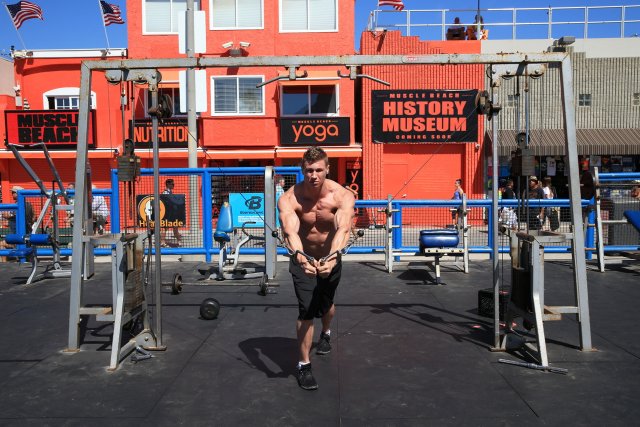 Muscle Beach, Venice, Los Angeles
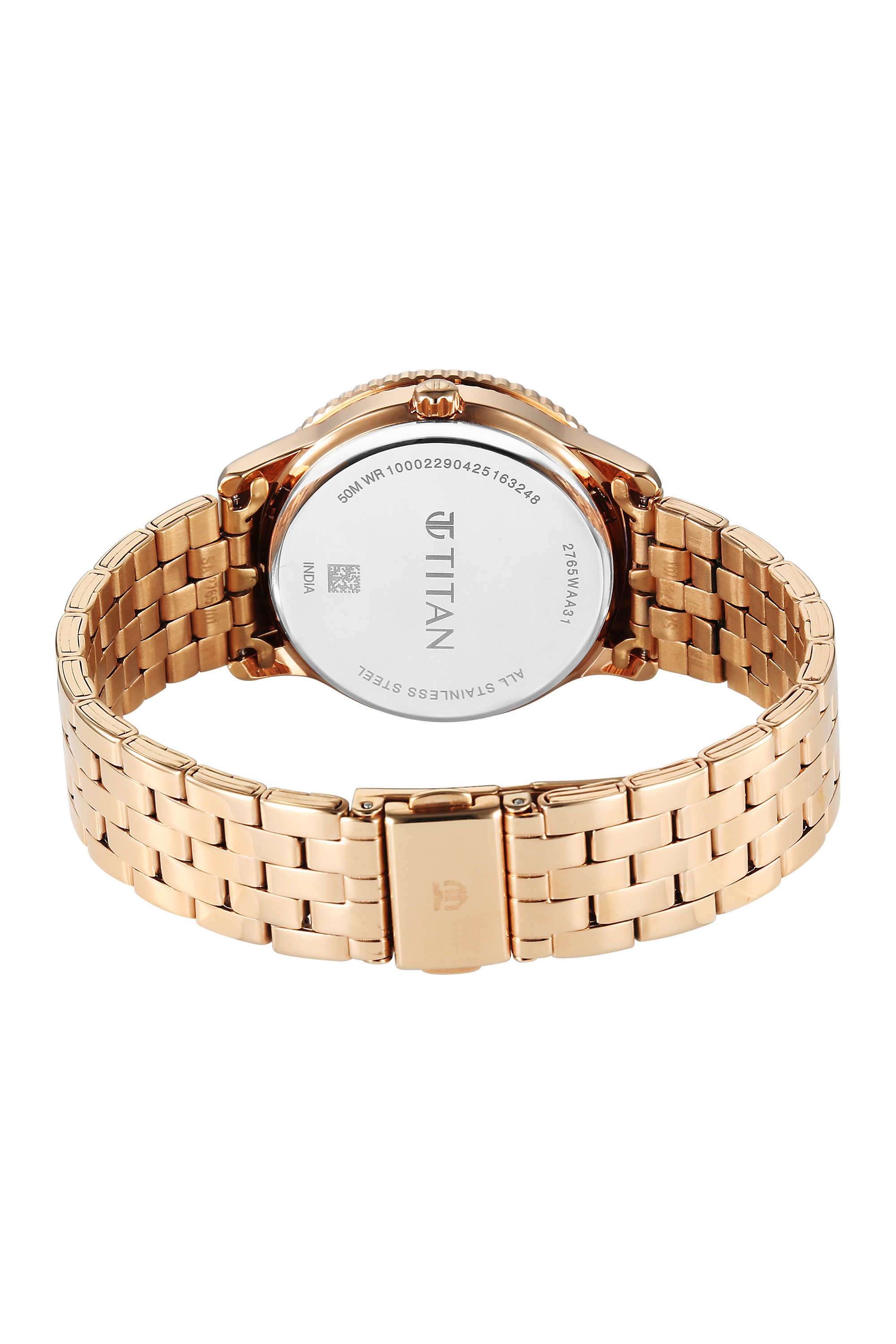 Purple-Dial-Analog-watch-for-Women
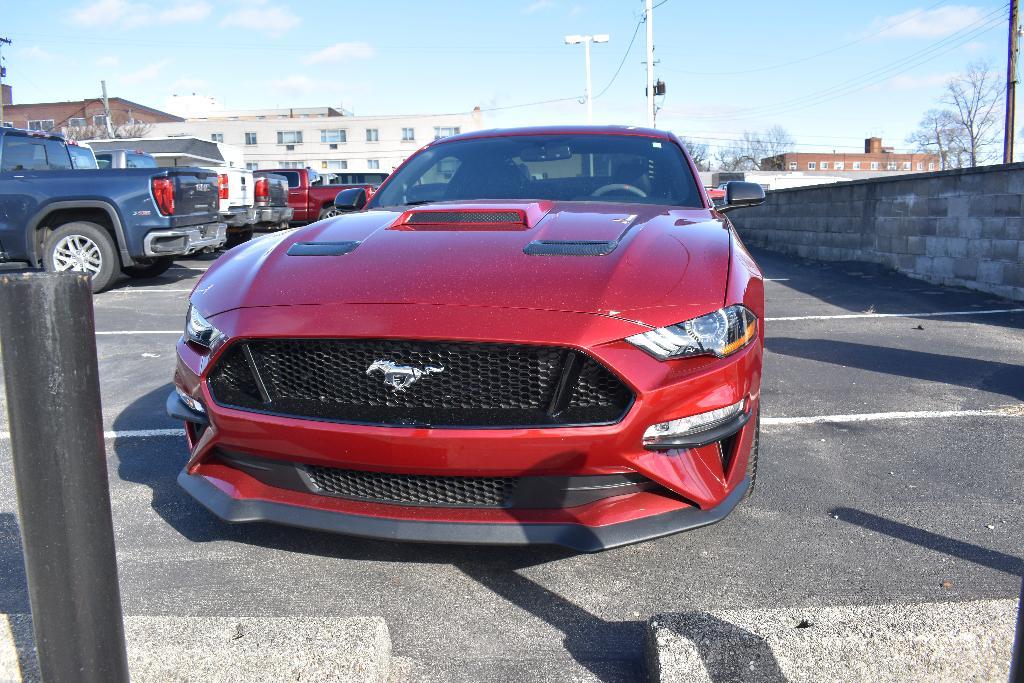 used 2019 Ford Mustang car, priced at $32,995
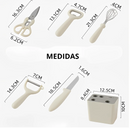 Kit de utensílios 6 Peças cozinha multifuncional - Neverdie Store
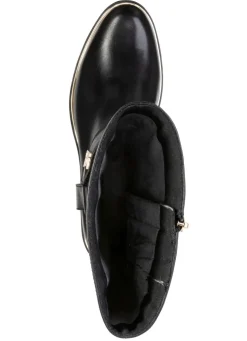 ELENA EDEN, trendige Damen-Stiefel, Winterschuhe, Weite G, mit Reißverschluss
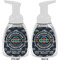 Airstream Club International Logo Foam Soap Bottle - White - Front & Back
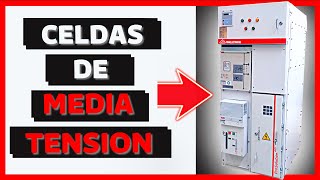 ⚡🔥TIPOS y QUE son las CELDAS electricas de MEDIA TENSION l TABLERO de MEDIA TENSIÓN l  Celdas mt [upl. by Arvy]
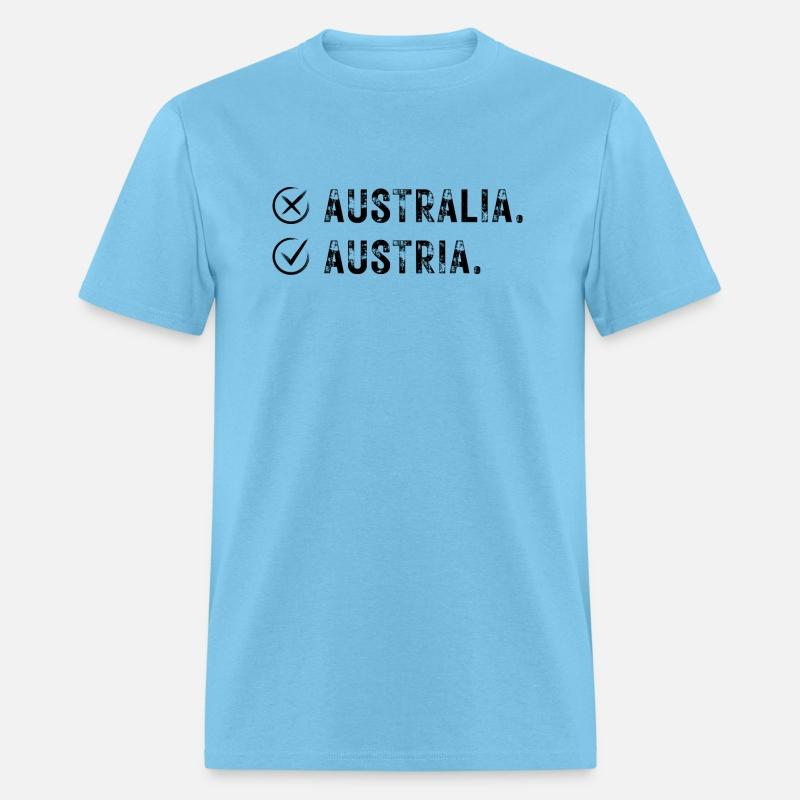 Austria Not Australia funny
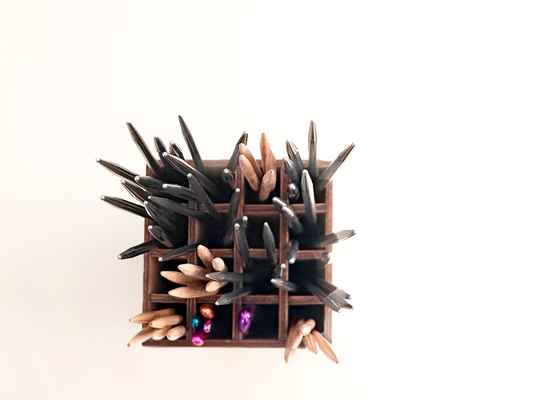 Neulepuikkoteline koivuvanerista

Directions for this task
Return the lines from the one that contains "[upl. by Arvy]" through the final line of the listing above, inclusive. Transcribe them exactly and drop the pictures.

Response to the exercise
 ⚡🔥TIPOS y QUE son las CELDAS electricas de MEDIA TENSION l TABLERO de MEDIA TENSIÓN l  Celdas mt [upl. by Arvy]
 Austria Not Australia funny
 Neulepuikkoteline koivuvanerista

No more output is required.